Ask-Anything
Ask-Anything copied to clipboard
Question regarding Object Interaction task of STAR & Charade dataset
{
"video": "K9UXS.mp4",
"question": "Which object was tidied up by the person?",
"candidates": [
"The table.",
"The clothes.",
"The towel.",
"The blanket."
],
"answer": "The blanket.",
"start": 2.65134176537509,
"end": 30.34865823462491,
"accurate_start": 22,
"accurate_end": 31
},
I checked that "accurate_start" and "accurate_end" fields came from "start", "end" field of original STAR annotation. Then, where did 'start', 'end' file come from? I can't find any information from the original annotation.

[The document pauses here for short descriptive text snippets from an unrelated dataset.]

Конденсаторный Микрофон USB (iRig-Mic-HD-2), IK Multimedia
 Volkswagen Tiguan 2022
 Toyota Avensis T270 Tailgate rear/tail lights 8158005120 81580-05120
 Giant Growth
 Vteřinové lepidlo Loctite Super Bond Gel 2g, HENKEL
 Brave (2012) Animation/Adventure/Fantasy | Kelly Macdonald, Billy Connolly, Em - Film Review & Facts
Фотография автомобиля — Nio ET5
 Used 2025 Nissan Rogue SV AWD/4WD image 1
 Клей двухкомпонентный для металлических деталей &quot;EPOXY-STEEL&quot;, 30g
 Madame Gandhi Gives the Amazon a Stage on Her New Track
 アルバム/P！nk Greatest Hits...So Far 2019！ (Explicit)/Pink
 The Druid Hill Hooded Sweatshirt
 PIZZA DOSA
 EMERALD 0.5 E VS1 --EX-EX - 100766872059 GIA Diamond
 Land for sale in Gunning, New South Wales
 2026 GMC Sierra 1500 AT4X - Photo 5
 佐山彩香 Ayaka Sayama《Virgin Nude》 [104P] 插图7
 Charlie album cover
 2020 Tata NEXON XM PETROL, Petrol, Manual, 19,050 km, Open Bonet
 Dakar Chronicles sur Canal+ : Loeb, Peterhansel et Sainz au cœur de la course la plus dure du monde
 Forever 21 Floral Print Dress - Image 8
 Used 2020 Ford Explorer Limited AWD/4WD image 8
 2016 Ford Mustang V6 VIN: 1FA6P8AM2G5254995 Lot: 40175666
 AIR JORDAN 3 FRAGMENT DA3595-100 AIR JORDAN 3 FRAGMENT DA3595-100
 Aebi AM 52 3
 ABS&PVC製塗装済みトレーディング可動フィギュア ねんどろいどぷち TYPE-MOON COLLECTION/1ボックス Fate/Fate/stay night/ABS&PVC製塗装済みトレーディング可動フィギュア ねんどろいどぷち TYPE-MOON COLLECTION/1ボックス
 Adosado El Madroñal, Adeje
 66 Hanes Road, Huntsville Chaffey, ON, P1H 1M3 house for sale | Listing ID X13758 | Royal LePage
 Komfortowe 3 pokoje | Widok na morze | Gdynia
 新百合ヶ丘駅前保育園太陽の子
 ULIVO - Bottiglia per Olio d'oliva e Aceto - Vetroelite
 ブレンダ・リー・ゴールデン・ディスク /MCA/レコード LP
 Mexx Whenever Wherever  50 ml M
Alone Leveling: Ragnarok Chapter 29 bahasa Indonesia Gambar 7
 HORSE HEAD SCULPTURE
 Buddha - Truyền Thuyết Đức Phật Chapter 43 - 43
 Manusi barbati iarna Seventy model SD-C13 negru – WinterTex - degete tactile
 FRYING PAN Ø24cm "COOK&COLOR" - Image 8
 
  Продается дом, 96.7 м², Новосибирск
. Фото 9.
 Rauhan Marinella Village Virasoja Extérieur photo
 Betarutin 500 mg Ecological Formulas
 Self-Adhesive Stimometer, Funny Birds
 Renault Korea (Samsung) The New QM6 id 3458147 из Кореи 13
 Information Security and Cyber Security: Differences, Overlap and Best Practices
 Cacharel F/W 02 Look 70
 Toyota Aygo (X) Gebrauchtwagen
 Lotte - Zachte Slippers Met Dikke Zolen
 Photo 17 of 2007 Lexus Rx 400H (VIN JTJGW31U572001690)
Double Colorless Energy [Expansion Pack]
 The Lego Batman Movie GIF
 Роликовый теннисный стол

- Same situation in action localization of Charade dataset
{
"video": "ONMCW.mp4",
"question": "In the given video, when does the action 'person takes a glass from the desk' take place?",
"candidates": [
"At the end of the video.",
"At the beginning of the video.",
"In the middle of the video.",
"Throughout the entire video."
],
"answer": "In the middle of the video.",
"start": 15.299999999999997,
"end": 33.6,
"accurate_start": 21.4,
"accurate_end": 27.5
},
Good question! The start and end are randomly generated based on the accurate start and end, since we hope to improve the question difficulty.